[Opening Entries provided section]

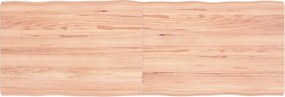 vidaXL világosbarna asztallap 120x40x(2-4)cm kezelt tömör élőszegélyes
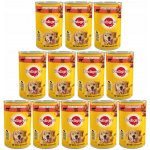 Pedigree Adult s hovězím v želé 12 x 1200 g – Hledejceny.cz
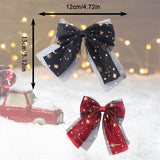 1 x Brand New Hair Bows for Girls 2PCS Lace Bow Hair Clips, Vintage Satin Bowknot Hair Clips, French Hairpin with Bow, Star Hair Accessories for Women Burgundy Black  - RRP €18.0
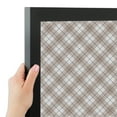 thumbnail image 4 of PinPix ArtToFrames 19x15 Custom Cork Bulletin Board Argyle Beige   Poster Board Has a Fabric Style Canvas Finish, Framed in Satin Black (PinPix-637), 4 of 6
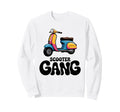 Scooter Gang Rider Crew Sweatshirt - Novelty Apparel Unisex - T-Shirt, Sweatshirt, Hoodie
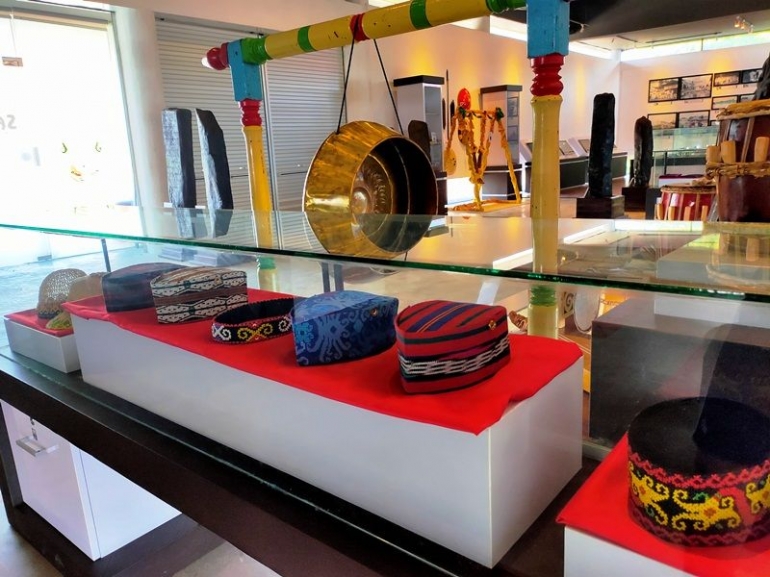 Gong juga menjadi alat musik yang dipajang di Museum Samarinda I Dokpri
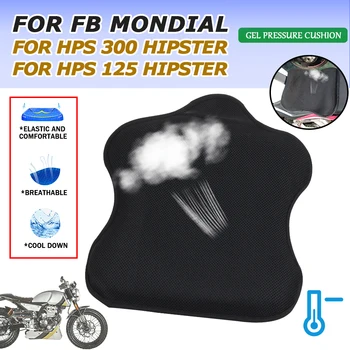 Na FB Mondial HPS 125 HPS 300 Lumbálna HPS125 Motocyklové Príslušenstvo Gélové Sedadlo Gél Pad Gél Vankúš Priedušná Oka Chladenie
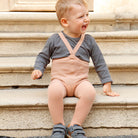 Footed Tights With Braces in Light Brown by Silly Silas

[Closing Entries provided section]

> [Work required] Each line from the one containing "Gong juga menjadi" down to the final line of the records above must be reproduced exactly; no pictures go into the copy.

> [Output below]
 Gong juga menjadi alat musik yang dipajang di Museum Samarinda I Dokpri
 Na FB Mondial HPS 125 HPS 300 Lumbálna HPS125 Motocyklové Príslušenstvo Gélové Sedadlo Gél Pad Gél Vankúš Priedušná Oka Chladenie
 Footed Tights With Braces in Light Brown by Silly Silas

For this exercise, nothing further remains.